The target variable ‘Default’ is recoded into numeric terms.

loandata2 <- loandata1 %>% 
              mutate(default = ifelse(loan_status=="Charged Off",1,0))

The earliest credit line and issued dates are given in the form of month and year. In order to use these variables for prediction, we are converting them into date using the yearmon package from ‘zoo’ library.

loandata2$earliest_cr_line <- as.Date(as.yearmon(loandata$earliest_cr_line, "%b-%y"))
loandata2$issue_d <- as.Date(as.yearmon(loandata$issue_d, "%b-%y"))

Feature Engineering - Age of the Credit Account

These dates cannot be used as it is, so we are calcuating a new variable - the difference between account opening and credit line opening. This will indirectly give the age of the credit lines, which is a crucial factor in determining credit. Even for credit cards, the age of the credit account is taken into account to compute the credit scores.

loandata3 <- loandata2 %>%
              mutate(time_history = issue_d - earliest_cr_line) 

Cleaning utilization percentage

Revol_util indicates the utilization percentage of the credit. It is expressed in terms of percentage. To make it useful to our analysis, we are removing the needless character symbol and converting it into a numeric variable.

head(loandata3$revol_util)
## [1] "83.70%" "9.40%"  "98.50%" "21%"    "53.90%" "28.30%"
loandata4 <- loandata3 %>%
  mutate(revol_util = as.numeric(sub("%","", revol_util)) )
head(loandata4$revol_util)
## [1] 83.7  9.4 98.5 21.0 53.9 28.3

Feature Engineering - the presence of employer and other details

The three variables - Employer Title, Loan Reason Description, and months since last delinquency - can be used as important predictor variables but has to be coded differently. For example, employer title can be separated into those who have mentioned employer title and those who have not. In the same vein, loan reason and delinquency can also leveled using NAs.

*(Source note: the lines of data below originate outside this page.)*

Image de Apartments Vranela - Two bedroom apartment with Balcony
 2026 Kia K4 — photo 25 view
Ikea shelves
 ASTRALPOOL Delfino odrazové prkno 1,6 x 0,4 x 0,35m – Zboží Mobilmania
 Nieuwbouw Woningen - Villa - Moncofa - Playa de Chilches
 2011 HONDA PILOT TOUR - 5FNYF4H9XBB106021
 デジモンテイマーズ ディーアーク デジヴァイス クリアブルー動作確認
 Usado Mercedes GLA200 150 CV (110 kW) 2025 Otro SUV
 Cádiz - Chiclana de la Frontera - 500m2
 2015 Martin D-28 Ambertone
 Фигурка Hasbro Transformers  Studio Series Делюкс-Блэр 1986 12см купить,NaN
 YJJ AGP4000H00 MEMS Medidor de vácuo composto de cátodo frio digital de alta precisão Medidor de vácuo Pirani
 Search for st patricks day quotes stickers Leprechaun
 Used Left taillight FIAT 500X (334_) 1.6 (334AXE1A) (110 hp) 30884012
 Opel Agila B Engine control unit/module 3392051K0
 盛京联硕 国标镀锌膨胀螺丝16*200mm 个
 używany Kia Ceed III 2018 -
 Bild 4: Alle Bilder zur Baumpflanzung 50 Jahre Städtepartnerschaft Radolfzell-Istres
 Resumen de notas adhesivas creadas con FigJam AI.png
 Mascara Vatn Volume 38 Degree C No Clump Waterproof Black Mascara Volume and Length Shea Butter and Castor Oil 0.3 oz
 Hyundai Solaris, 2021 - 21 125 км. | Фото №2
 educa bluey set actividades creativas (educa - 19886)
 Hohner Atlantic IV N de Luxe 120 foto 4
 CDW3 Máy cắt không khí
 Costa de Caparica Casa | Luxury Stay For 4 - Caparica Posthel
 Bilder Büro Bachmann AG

loandata5 <- loandata4 %>%
  mutate(empdetailgiven = as.numeric(!is.na(emp_title)),
         reasonforloan = as.numeric(!is.na(desc)), 
         previousdefault = as.numeric(!is.na(mths_since_last_delinq)) ) 

Recoding home ownership and employer length variables

Other variables such as home ownership, and employment length are also reformatted in suitable ways. Home ownership into three levels and employment length as a continuous numeric after removing the missing variables. Employment length less than a year is coded as zero.

loandata6 <- loandata5 %>%
  mutate(emplengthgiven = ifelse(emp_length == "n/a", 1, 0),
         emp_length = ifelse(emp_length == "< 1 year" | emp_length == "n/a", 0, emp_length),
         emp_length = as.numeric(gsub("\\D", "", emp_length)),
         home_ownership = ifelse(home_ownership == "NONE", "OTHER", home_ownership))

Final Aggregated dataset

As we have removed the missing values, transformed and recoded our variables, we are agrregating it into a new dataset, including the computed columns.

loandata7 <- loandata6 %>% 
         select(default, loan_amnt, reasonforloan, empdetailgiven, emplengthgiven, emp_length, verification_status, 
         home_ownership, annual_inc, purpose, time_history, inq_last_6mths, 
         open_acc, pub_rec, revol_util, dti, total_acc, delinq_2yrs, previousdefault)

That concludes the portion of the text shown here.